▸ **Required work**: How many lines below contain the word "Overland"? Reply solely with the number.

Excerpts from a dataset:
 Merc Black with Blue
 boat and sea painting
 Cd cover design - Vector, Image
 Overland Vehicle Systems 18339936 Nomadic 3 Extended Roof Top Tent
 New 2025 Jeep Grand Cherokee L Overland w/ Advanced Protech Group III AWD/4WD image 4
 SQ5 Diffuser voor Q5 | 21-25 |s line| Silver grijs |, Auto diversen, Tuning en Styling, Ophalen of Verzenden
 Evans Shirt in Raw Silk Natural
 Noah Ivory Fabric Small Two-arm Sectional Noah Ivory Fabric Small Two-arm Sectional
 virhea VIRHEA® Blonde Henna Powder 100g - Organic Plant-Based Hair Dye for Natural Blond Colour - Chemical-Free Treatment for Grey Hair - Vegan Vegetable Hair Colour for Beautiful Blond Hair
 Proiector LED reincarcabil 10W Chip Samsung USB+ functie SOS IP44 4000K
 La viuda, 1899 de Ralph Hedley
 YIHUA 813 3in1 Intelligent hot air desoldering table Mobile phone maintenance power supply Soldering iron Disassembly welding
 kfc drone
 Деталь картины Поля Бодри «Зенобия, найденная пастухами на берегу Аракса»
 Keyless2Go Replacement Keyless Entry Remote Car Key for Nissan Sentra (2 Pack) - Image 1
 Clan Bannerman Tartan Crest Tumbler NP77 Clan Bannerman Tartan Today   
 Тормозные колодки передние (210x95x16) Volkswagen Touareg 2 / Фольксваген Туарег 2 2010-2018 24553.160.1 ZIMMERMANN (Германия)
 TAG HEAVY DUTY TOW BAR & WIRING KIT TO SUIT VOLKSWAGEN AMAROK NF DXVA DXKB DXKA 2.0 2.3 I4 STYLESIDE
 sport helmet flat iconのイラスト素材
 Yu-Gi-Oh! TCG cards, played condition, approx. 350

▸ **Solved exercise**: 2